■ WORK TO BE COMPLETED:
Your reply should contain the whole listing below, repeated exactly, and no images.

■ DATASET EXTRACT:
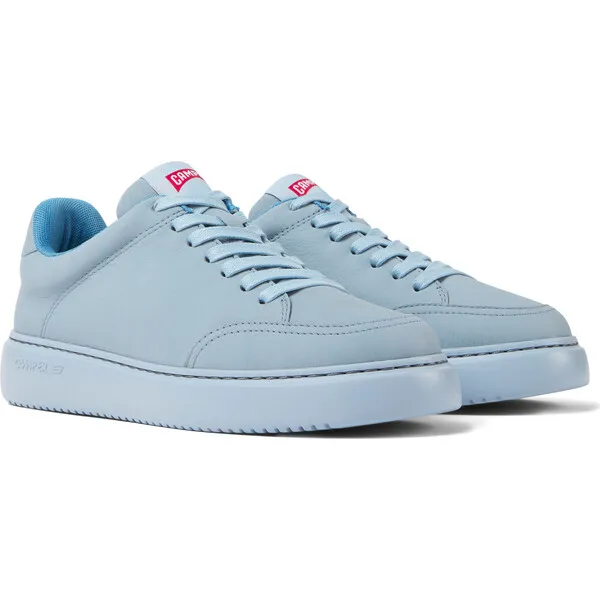 Camper Women's Runner K21 Sneaker, Pastel Blue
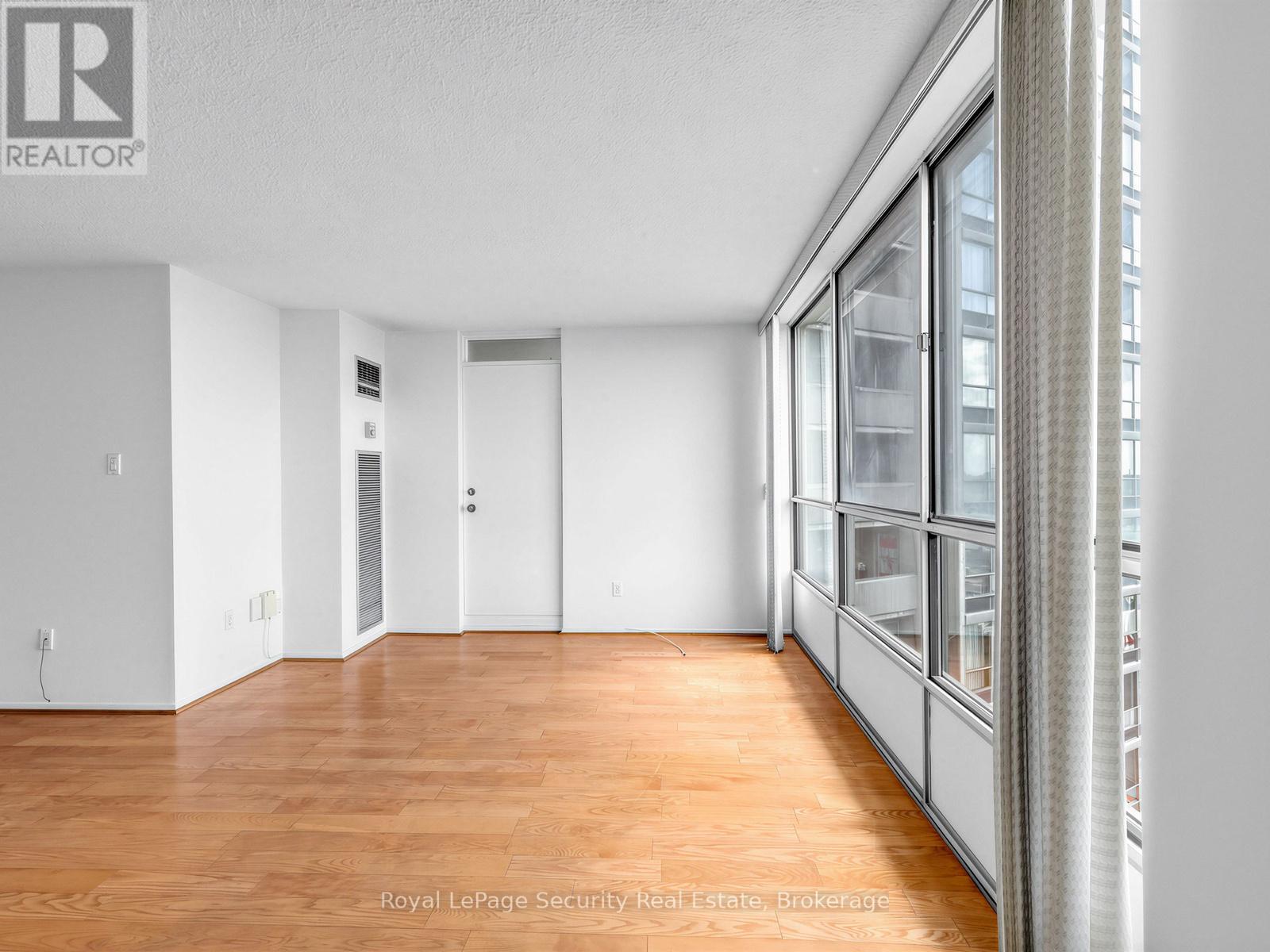 #1702 10 MARTHA EATON WAY - 10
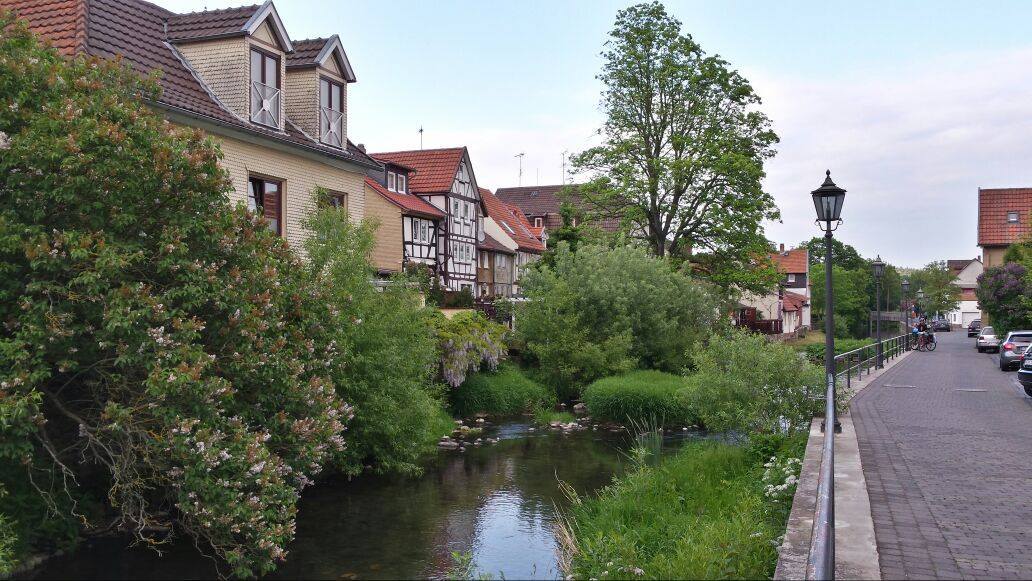 Romantik Hotel Schubert Lauterbach Exterior foto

■ SOLUTION FOR THIS EXERCISE:
 Camper Women's Runner K21 Sneaker, Pastel Blue
 #1702 10 MARTHA EATON WAY - 10
 Romantik Hotel Schubert Lauterbach Exterior foto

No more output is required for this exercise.